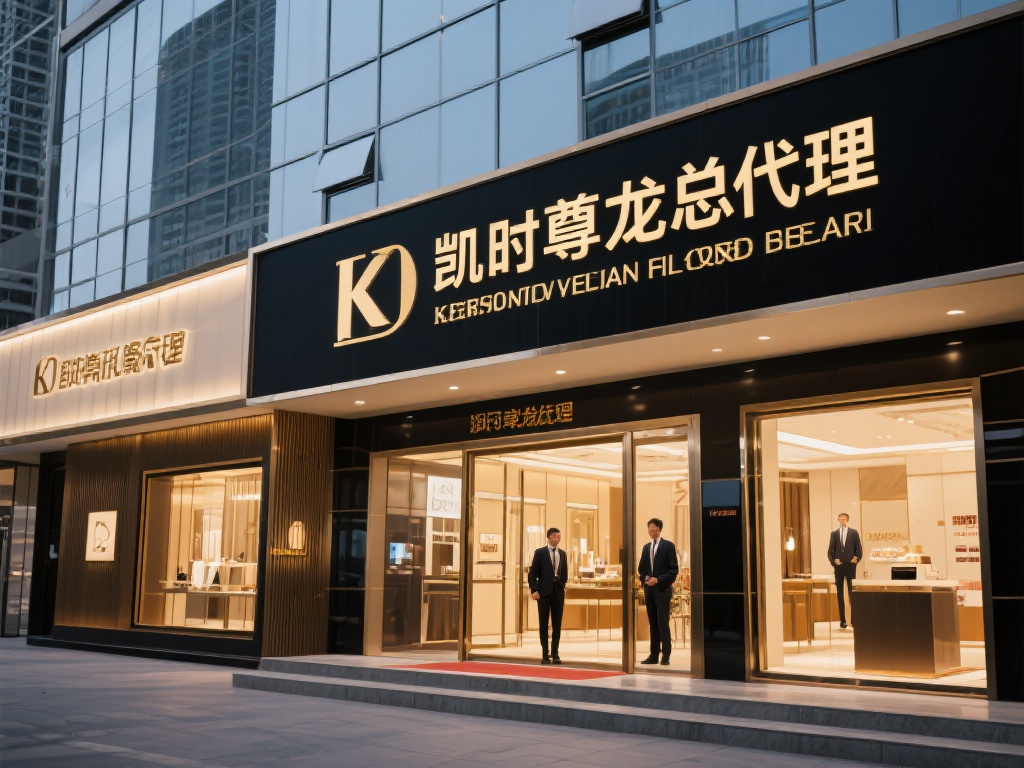 在快速变化的商业环境中，投资者总是在寻找具有成长潜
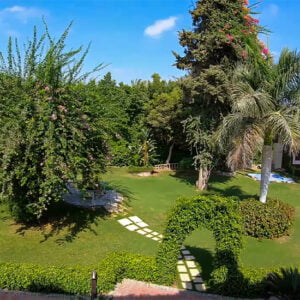 أفضل شركة تنسيق حدائق بالرياض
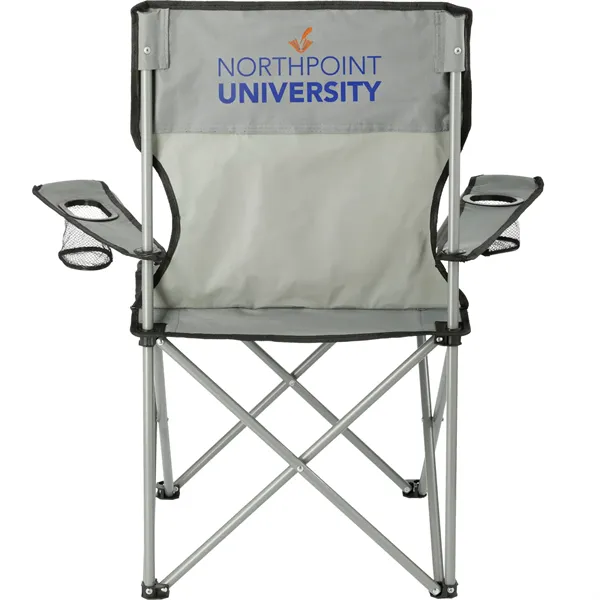 Fanatic Event Folding Chair - Fanatic Event Folding Chair - Image 0 of 0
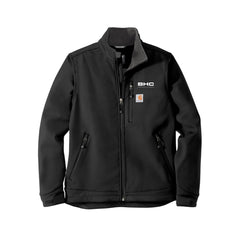 Buckeye Hospitality - Carhartt ® Crowley Soft Shell Jacket
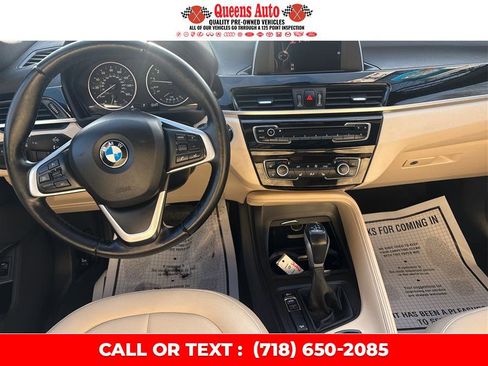 Used 2017 BMW X1 xDrive28i image 15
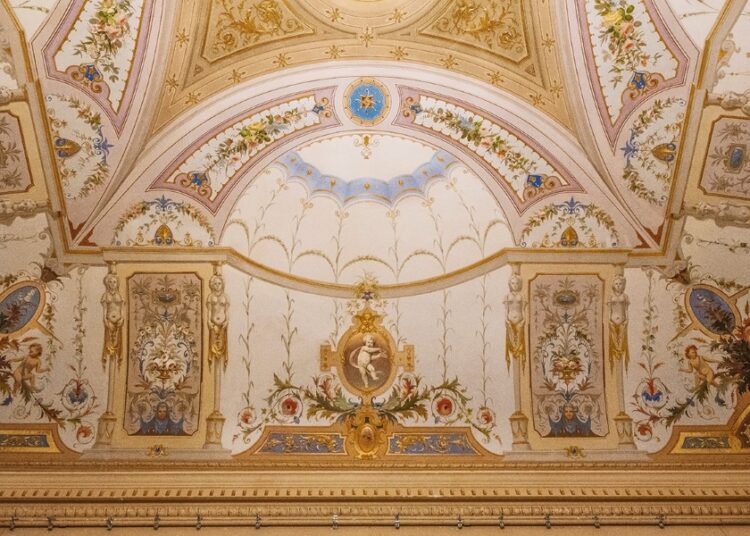 Museo Fattori: visite guidate in lingua straniera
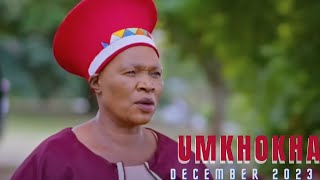 Umkhokha The Curse  December Full Teasers 2023 English Update bomb explodes between Difa and MaMz [upl. by Somerset]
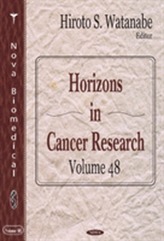  Horizons in Cancer Research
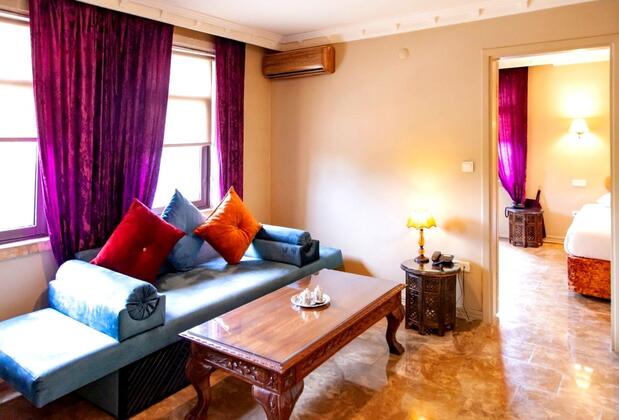 Manici Hotel - Görsel 10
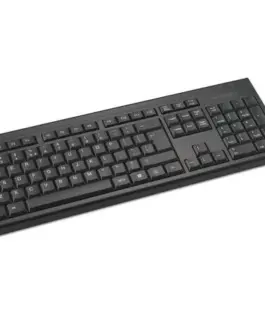 Kensington Wirelessкомплект мишка + клавиатура KM150 EQ UK QWERTY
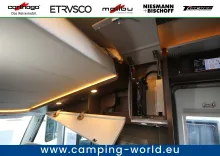 Fahrzeugbild Carthago chic c-line I 4.9 LE L #45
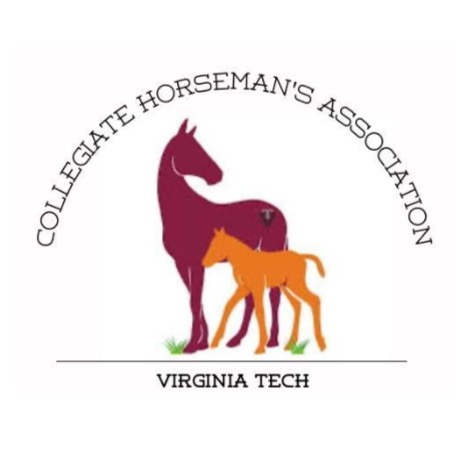 Group avatar for Collegiate Horsemen’s Association at Virginia Tech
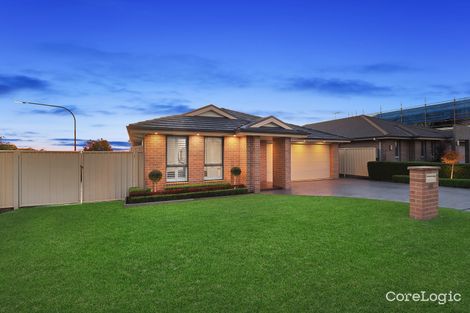 Property photo of 68 Elmstree Road Kellyville Ridge NSW 2155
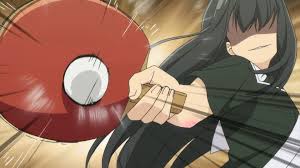 Anime eyes anime blush anime face anime hair anime mouth all seeing eye eye patch. Scorching Ping Pong Girls Episode 1 Wrong Every Time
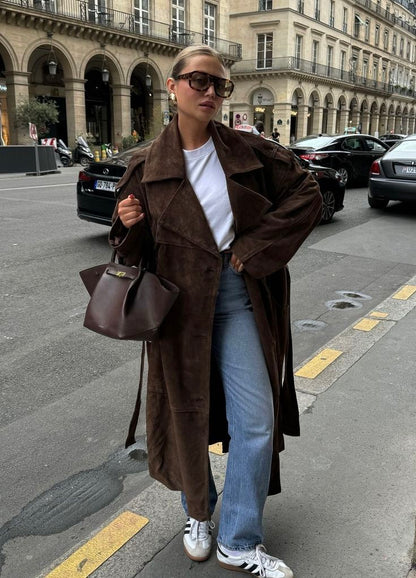 Beautifully Crafted Coat in a Classic Style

--

REQUIREMENT
Quote exactly, and only, the lines from the line containing "Fanatic Event Folding Chair - Fanatic" through the final line of the records above, both included, omitting any pictures.

ANSWER AREA
 Fanatic Event Folding Chair - Fanatic Event Folding Chair - Image 0 of 0
 Buckeye Hospitality - Carhartt ® Crowley Soft Shell Jacket
 Used 2017 BMW X1 xDrive28i image 15
 Museo Fattori: visite guidate in lingua straniera
 Umkhokha The Curse  December Full Teasers 2023 English Update bomb explodes between Difa and MaMz [upl. by Somerset]
  Horizons in Cancer Research
 Manici Hotel - Görsel 10
 Kensington Wirelessкомплект мишка + клавиатура KM150 EQ UK QWERTY
 Fahrzeugbild Carthago chic c-line I 4.9 LE L #45
 Group avatar for Collegiate Horsemen’s Association at Virginia Tech
 Property photo of 68 Elmstree Road Kellyville Ridge NSW 2155
 Anime eyes anime blush anime face anime hair anime mouth all seeing eye eye patch. Scorching Ping Pong Girls Episode 1 Wrong Every Time
 Beautifully Crafted Coat in a Classic Style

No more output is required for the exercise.